» **What you will do**
From the records below, please print only the lines from the one containing "Soft White Wheat Berries Bulk 18 LB" through the one containing "PROFI TRACTORS AND FARM MACHINERY", both included. Skip the pictures.

» **Data for analysis**
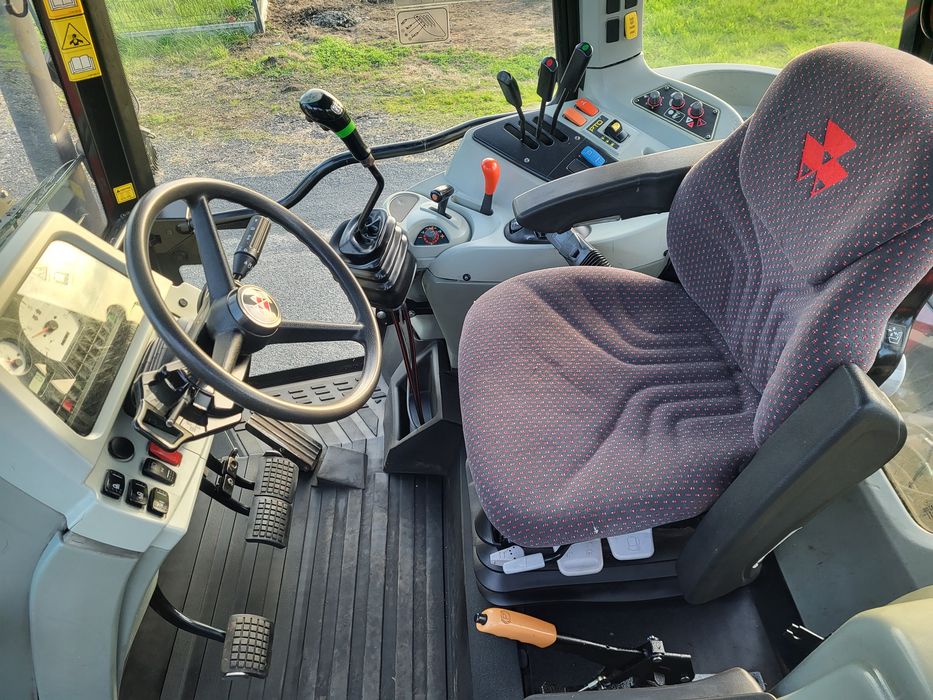 Massey Ferguson 5430 Dyna-4 + Ładowacz Quicke .nie case claas fendt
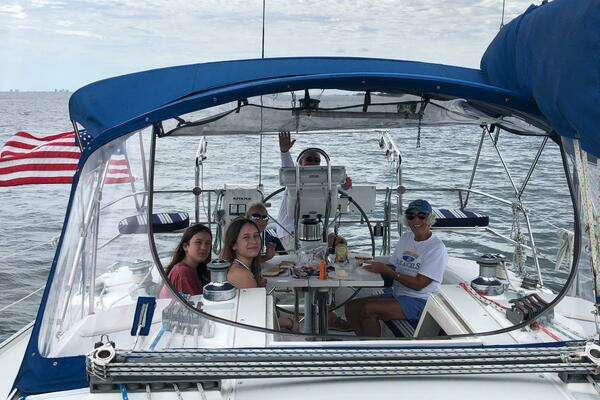 Photo of the 1995 Catalina 42 Mk II "Set Free"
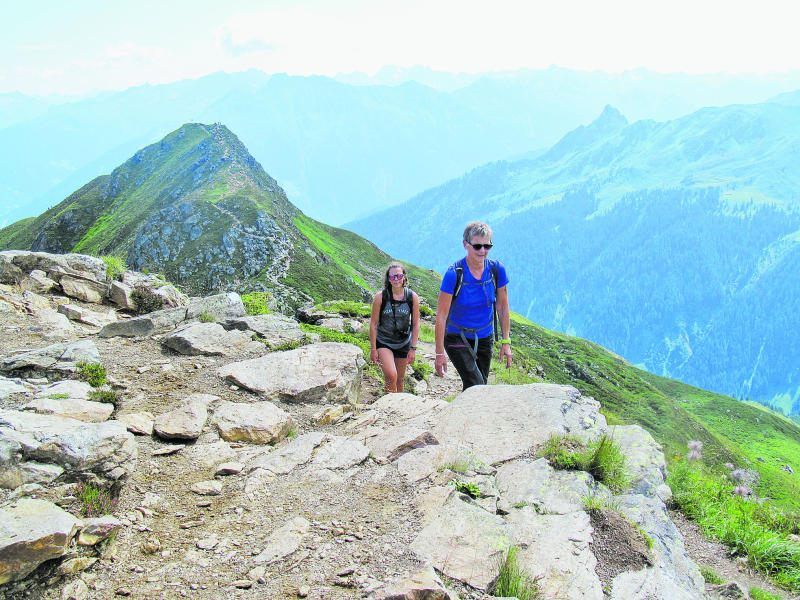 570 Höhenmeter müssen auf dieser Tour überwunden werden 570 Höhenmeter müssen auf dieser Tour überwunden werden
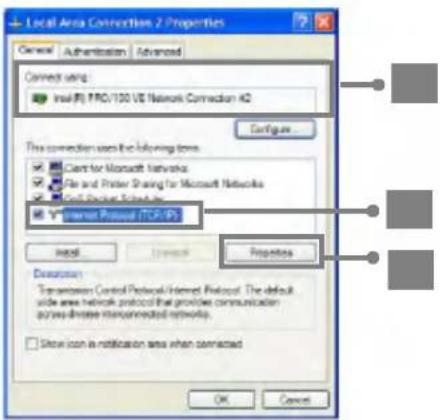 LG LMC50-D - Setting up Local Area Network (LAN) connections - 3
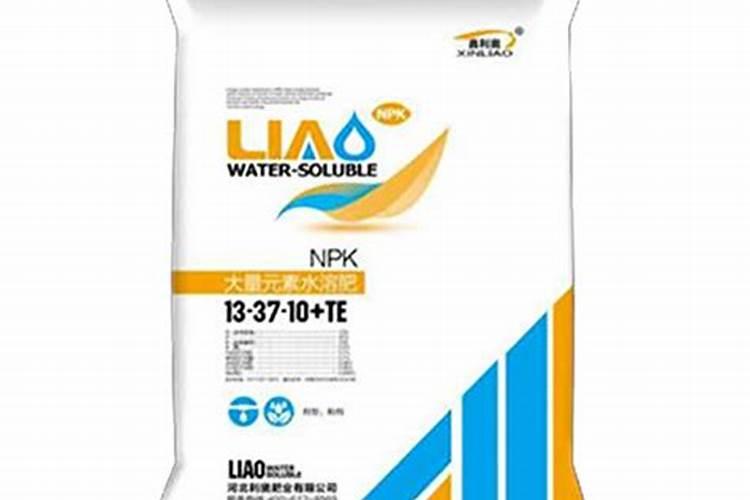国内的好水溶肥厂家有哪些？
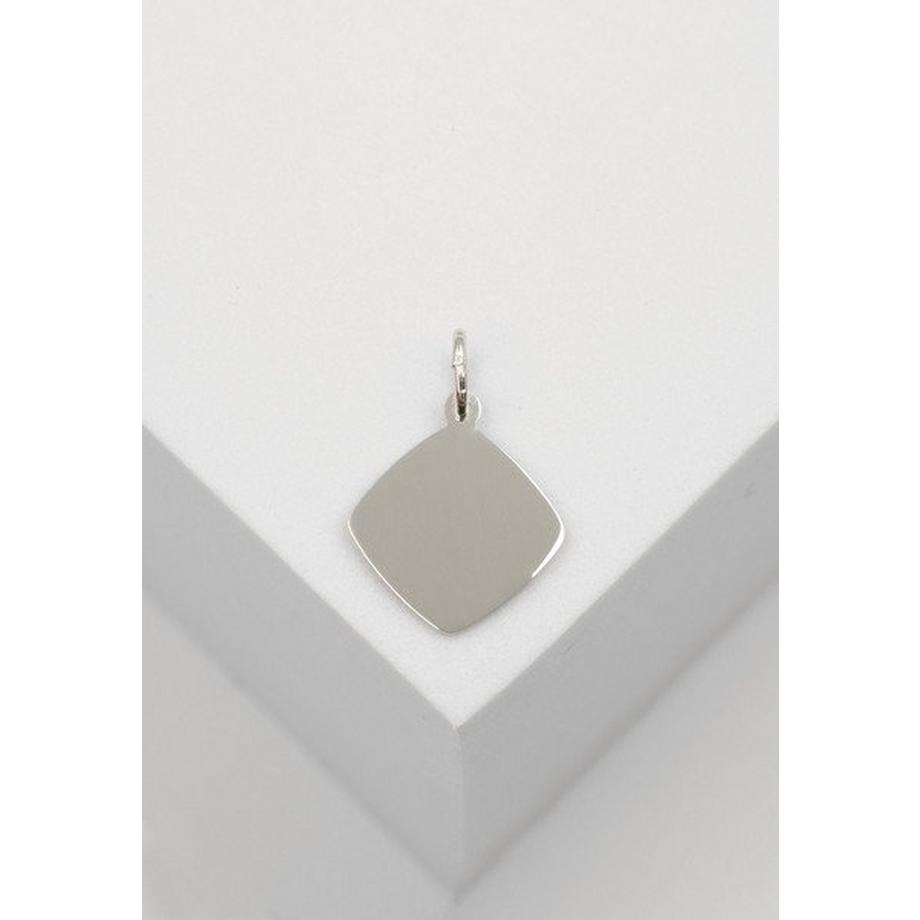 MUAU Schmuck  Anhänger Sternzeichen Fisch Weissgold 750, 19x13mm 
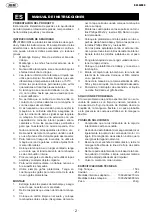 Предварительный просмотр 2 страницы JBM 52980 Instruction Manual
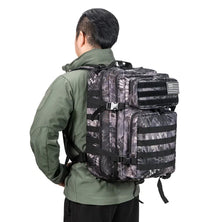 Outdoor Tactical Backpacks 45L Large Capacity Man 3 Days Molle Assault Bags For Outdoor Trekking Camping Backpack - Buy online at  Vibe In Cart.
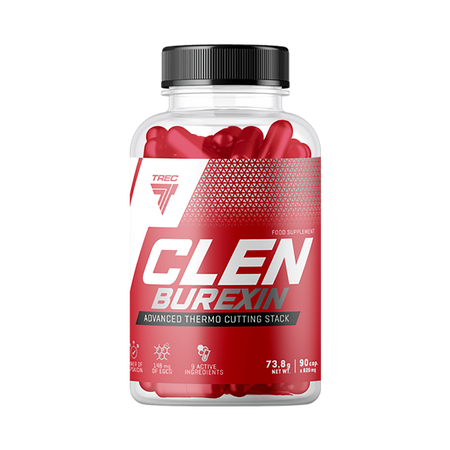 Trec spalacz tłuszczu CLENBUREXIN 90 kaps.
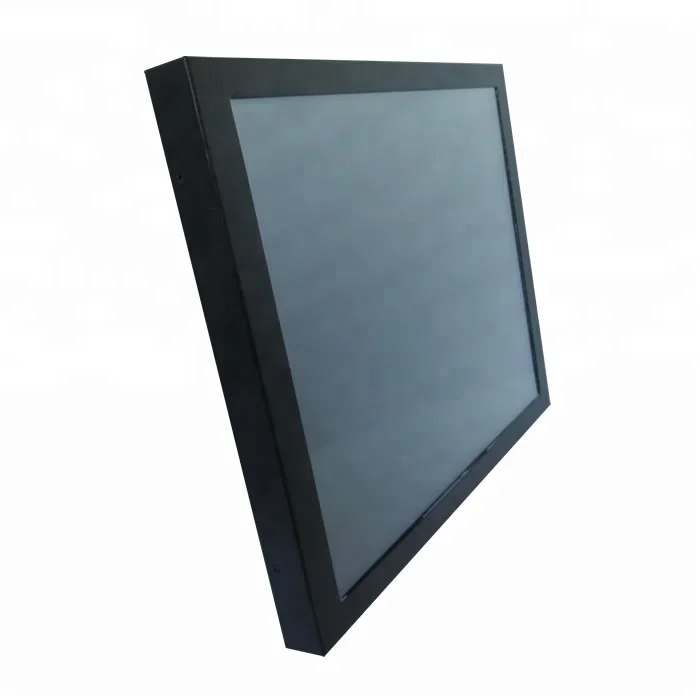 17 inch industrial LCD monitor touch screen optional for ATM kiosk gaming automation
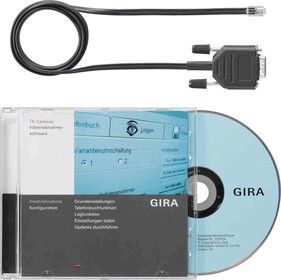 GIRA Programmierset für TK Gate   129100 Türkommunikation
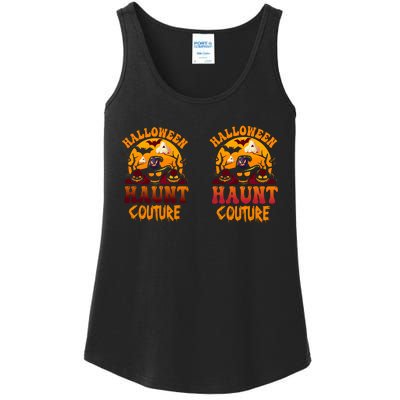 Halloween Haunt Couture Artwork Ladies Essential Tank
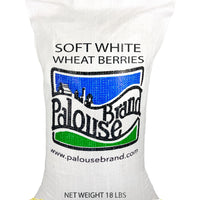 Soft White Wheat Berries Bulk 18 LB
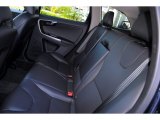 2017 Volvo XC60 T5 Inscription Rear Seat
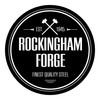 Rockingham Forge 18/10 Stainless Steel Cheese Cleaver with Riveted Wooden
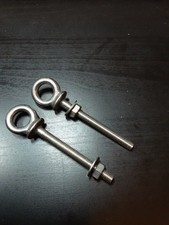 Augbolzen ösenschraube edelst gebraucht kaufen  Bielefeld
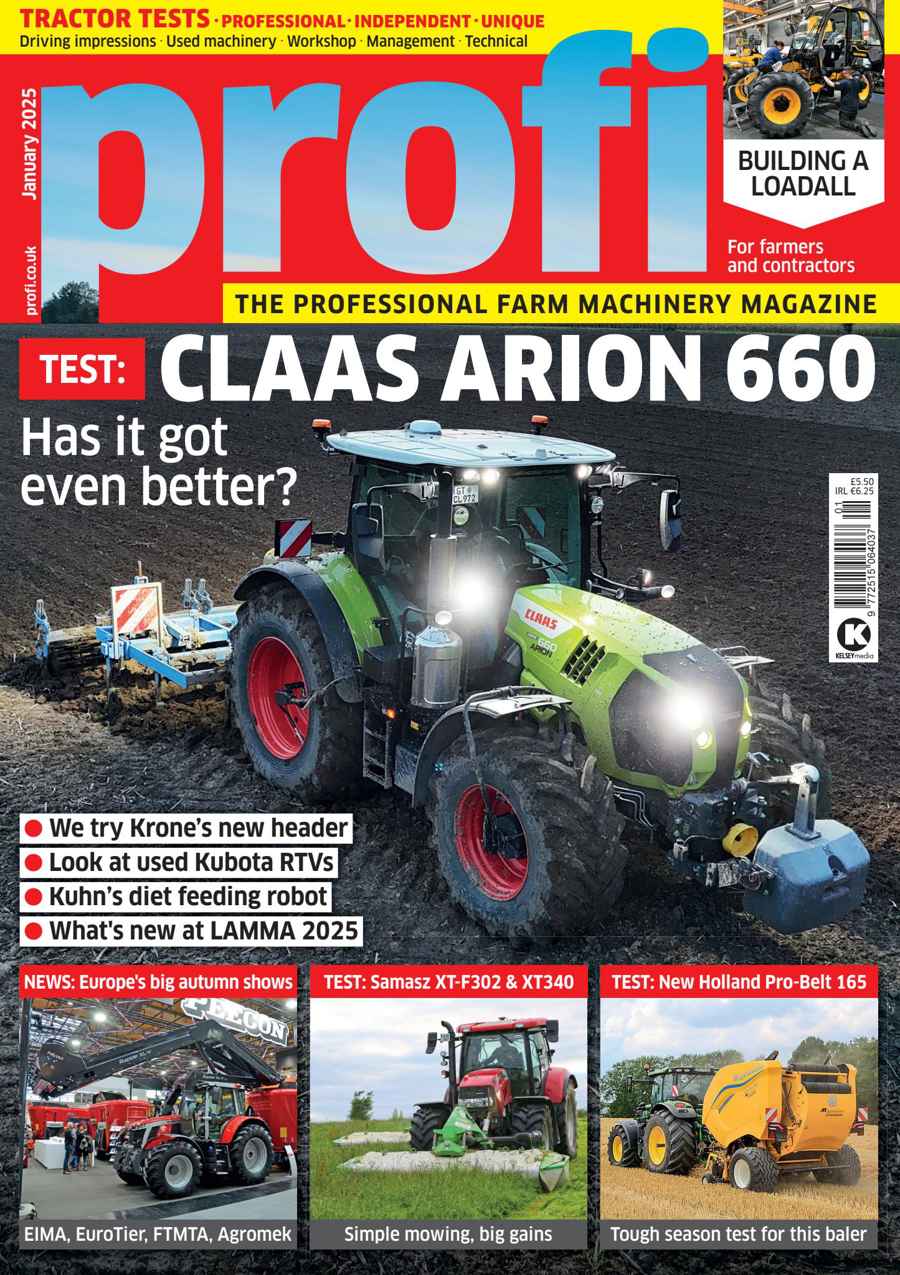 PROFI TRACTORS AND FARM MACHINERY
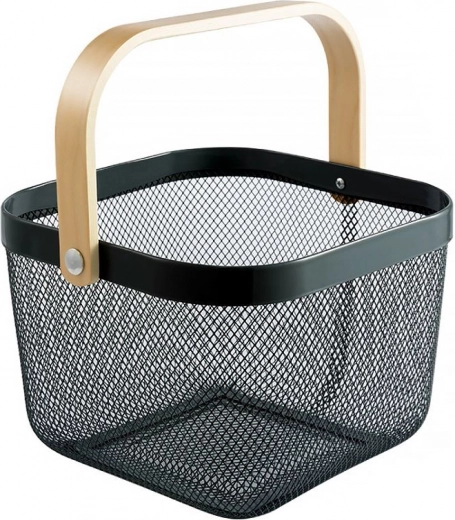 Pohodlné dřevěné madlo pro snadné přenášení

» **Response to this task**
 Soft White Wheat Berries Bulk 18 LB
 2017 Volvo XC60 T5 Inscription Rear Seat
 Rockingham Forge 18/10 Stainless Steel Cheese Cleaver with Riveted Wooden
 Augbolzen ösenschraube edelst gebraucht kaufen  Bielefeld
 PROFI TRACTORS AND FARM MACHINERY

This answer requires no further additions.